The Creative Process

I have been doing a lot of thinking about the creative process lately, and how we come to take these millions of random and strange ideas bobbing around in the oceans of our head and make them into something. Sometimes the “something” is a beautiful Picasso painting or a Jane Austen novel, and sometimes the “something” is a scribble of a duck on a used McDonald’s napkin.

The more I engage in upper-level creativity classes in both majors, the more I discover how different the creative process is for everyone. Going beyond the screen, beyond the notebook and text, there is a space and place we find ourselves creating, whether it be physically or mentally. Maybe it’s the busy Starbucks around the corner, the empty library down the street, the special little desk space you built in your bedroom, or maybe it’s even your car in a parking lot or every morning in the shower.

When I first started writing, I had so many notebooks scattered around my space. Whether it be shoved in the school locker with bent covers, lost beneath my bed, or integrated with the stacks of bookshelves in my room, I wrote all over these notebooks just as miscellaneously as I kept them. When I got my first laptop, I realized how much simpler my life had just become, and began to keep all of my writing on one device and in one folder, which for storage and preservation reasons turned out to be a lot better than the traditional pen and paper technique.
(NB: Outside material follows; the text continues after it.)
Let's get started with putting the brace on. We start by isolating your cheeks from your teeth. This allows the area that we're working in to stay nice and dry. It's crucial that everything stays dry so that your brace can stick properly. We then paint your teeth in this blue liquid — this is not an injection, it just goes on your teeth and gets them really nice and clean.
In terms of how I actually sit down and shape the thoughts in my head into an essay, a blog post, a caption, or a poem, it takes both planning and spontaneity, a sense of space, and usually caffeine.

My friend Lauren and I had a photoshoot recently, and a lot of the poses and pictures were created from spontaneity and laugher!
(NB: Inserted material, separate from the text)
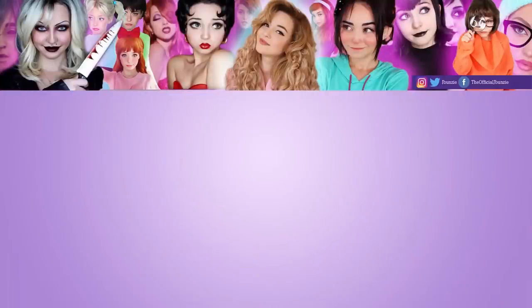So, here is me before and here is me after. Thank you guys so much for watching! I really hope you guys enjoyed this video. If you did, give it a thumbs up and be sure to subscribe and turn on the notification bell so I can see you in my next one!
As a creator, I don’t usually plan on ideas coming to me, and I think the best ideas are often unforced thoughts that pop in at the most random (and inconvenient times). The next best New York Times Bestseller? Probably will come to me when I am at a red light or trying to do yoga.

And as much as I would like to describe to you that my creative process is neat, tidy, and looks like something on Pinterest, it isn’t. It’s often messy. My laptop screen should be cleaned (I am noticing it as we speak), my notes need professional decoding, and I have so many unsystematic sticky notes in my planner, on my desk, next to my bed, in my car, that it’s like finding Easter eggs (except each note contains something random and often aimless).

Yet in the end, I always end up filling up the Word doc in front of me, no matter if the sentences are cohesive or not. Anne Lamott says it best in her book “Bird by Bird: Some Instructions on Writing and Life”, and I think it applies just as prominently to creating too:

“Clutter and mess show us that life is being lived… Tidiness makes me think of held breath, of suspended animation… Perfection is a mean, frozen form of idealism, while messes are the artist’s true friend. What people somehow forget to mention when we were children was that we need to make messes in order to find out who we are and why we are here.”

My writing process has remained consistent over the years, but the flux of learning about my own creativity as well as others has allowed me to open my mind to new ways of creating. In this upcoming series the next few weeks, I will be asking my friends, family, and anyone in between what their creative process looks like. I suspect that everyone composes differently, and their projects reflect this. I am excited to learn new ways to understand and express creativity, and hope you are too!